Private Company and Public Company

  • The director of a private company may not be specifically qualified. A private company may have only one director who can also be the only shareholder.

  • A public company must have at least 2 directors and 2 shareholders.

  • A private limited company can use its resources to purchase the shares of the company when someone wishes to leave the company.

  • A private company cannot offer any securities of the company to the public.

  • Public companies are able to sell their shares to the public.

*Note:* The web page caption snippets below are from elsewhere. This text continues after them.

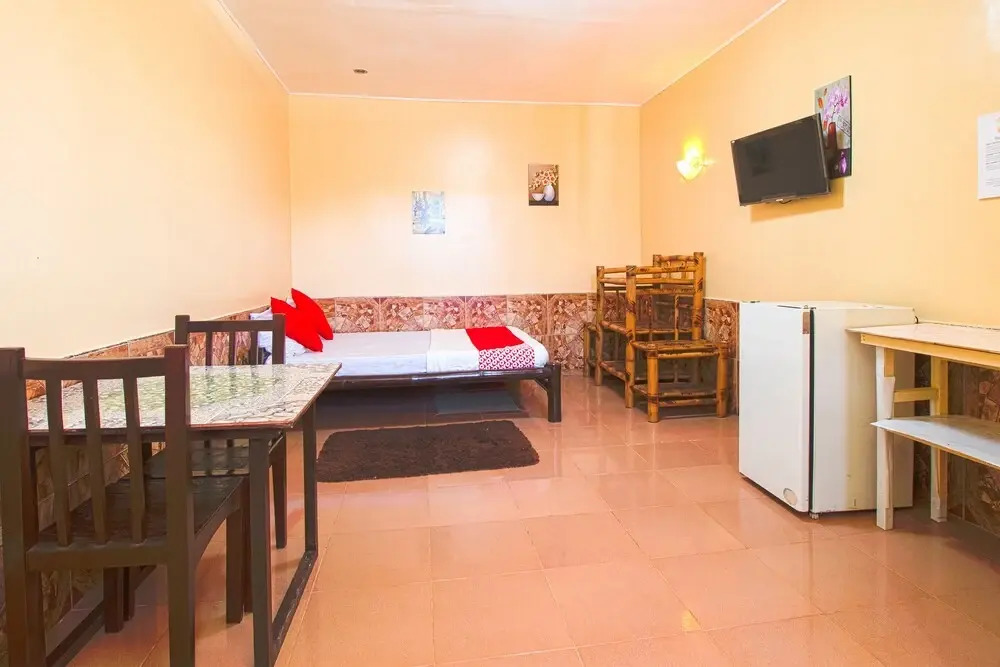 OYO 761 Caza Southville Apartelle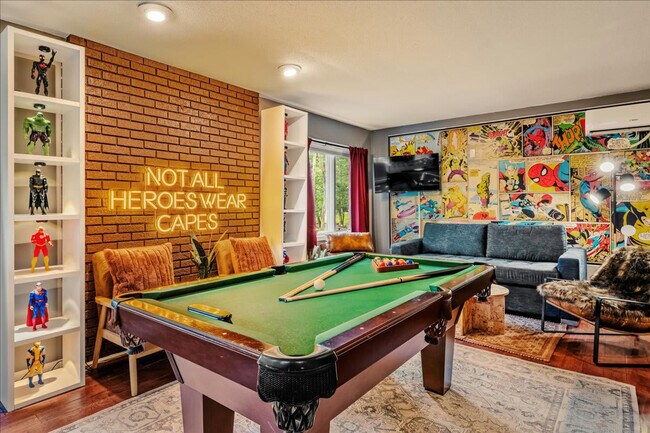 Foto del edificio - 1825 Jennifer Dr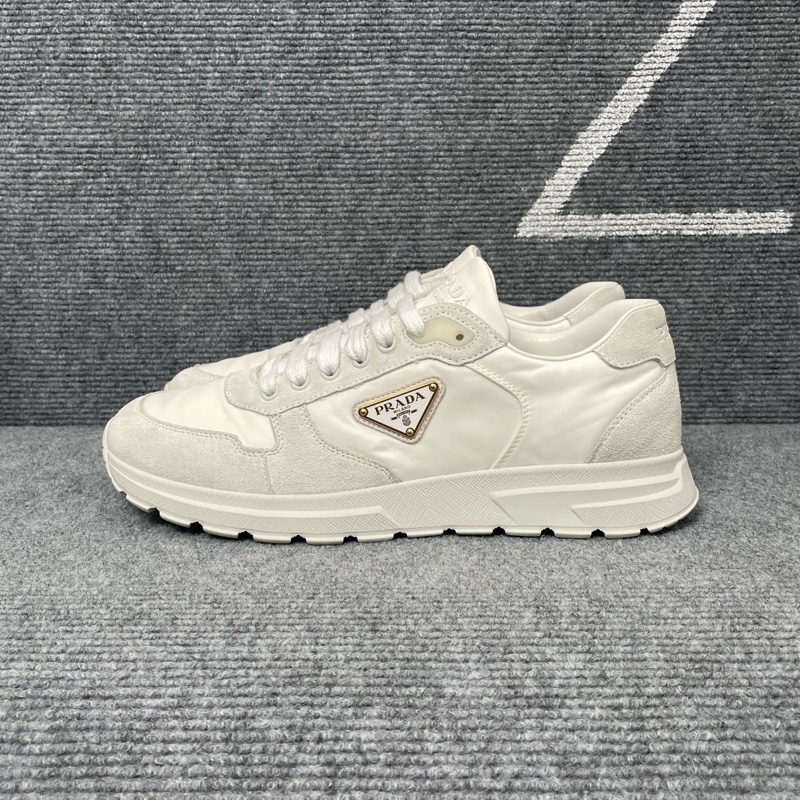 97新 Prada普拉達白灰色麂皮三角標運動鞋41.5碼-2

To differentiate public companies and private companies, the following factors are taken into consideration −

Minimum Number of Members

A minimum number of 7 members and a minimum number of 2 members are required for a public company and a private company respectively.

Maximum Number of Members

A private company can have 50 members at maximum whereas there is no limit for public companies.

Commencement of Business

A public company needs a Certificate of Commencement for commencement of business whereas, a private company can commence business after the certificate of registration is issued.

Invitation to the Public

A public company can invite the public to buy shares whereas a private company cannot sell its shares to the public.

Transferability of Shares

There is no restriction on a shareholder of a public company to transfer shares. Shareholders of private companies are restricted from transferring shares.

Number of Directors

A private company can have at least 1 director but a public company must have at least 2 directors.

Statutory Meeting

A public company must hold a statutory meeting and file a statutory report with the registrar. There is no such obligation for a private company.

Restrictions on the Appointment of Directors

A director of a public company should file his consent with the registrar. He cannot vote or participate in any discussion on a contract on which he is interested.

Managerial Remuneration

For a public company, the remuneration payable to a manager cannot exceed 11% of net profits. A minimum of INR 50,000 can be paid at the time of inadequacy of profit. Private companies do not face these restrictions.

Further Issue of Capital

A public company must offer further issue of shares to its existing members. A private company on the other hand is free to allot new issue to outsiders.


Private companies are required to have the suffix ‘Private Limited’ at the end of their names. A public company is required to have the suffix ‘Limited’ at the end of its name.